Beyond that, a general annotation syntax that's allowed in weird places (e.g. valid both as a statement and as part of an expression, and also allowing e.g. `function () :: foo ... end` for `(function() ... end) :: foo`, where `::` is the placeholder for whatever that thing ends up being), that either defaults to doing nothing or just throwing an error, and equipped with a metamethod for adding actual semantics, would allow pretty comfortable usage… but this second part is pretty optional (and way more complex than the first bit). With such a syntax, you can write something like

    function newCounter( ) :: fun(nil,  fun(nil,  number))
      local i = 0 :: number
      return function( ) :: fun(nil,  number)
        i = i + 1
        return i
      end
    end

and if the metatable of whatever `fun` & `number` are has an appropriate entry for `::` you get the type info associated / saved for the values, such that later introspection can access & use it. Or if you want doc strings…

    function newCounter( ) :: [[
      blah blub
      ]]
      return function( ) :: "blop beep"  i = i + 1 ; return i  end
    end

…looks quite readable. But following the definition with normal function calls for annotations…
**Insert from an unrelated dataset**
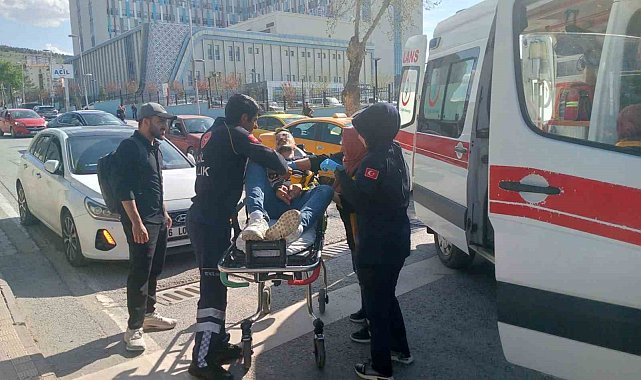 Malatya'da iki araç çarpıştı: 3 yaralı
    function newCounter( )
      return function( )  i = i + 1 ; return i  end
    end
    doc( newCounter ) [[
    blah blub
    ]]
    -- that's making an instance of the inner closure to then extract its prototype to attach info…
    doc( newCounter( ) ) [[
    blop beep
    ]]

isn't actually that much worse, and *way* less complicated. (So fancy syntax most likely wouldn't be worth it for me, but looking at whether something like `debug.protoid` (or maybe an actual debug/doc/whatever slot in every value[1]) could/should be added might be worth it?)

-- nobody

[1] Even if you have to flip a flag in luaconf.h for an actual slot to exist, a "blessed" / unified interface that people can coordinate around means collaboration is a lot easier than when everyone brews their own annotation / metadata mechanism.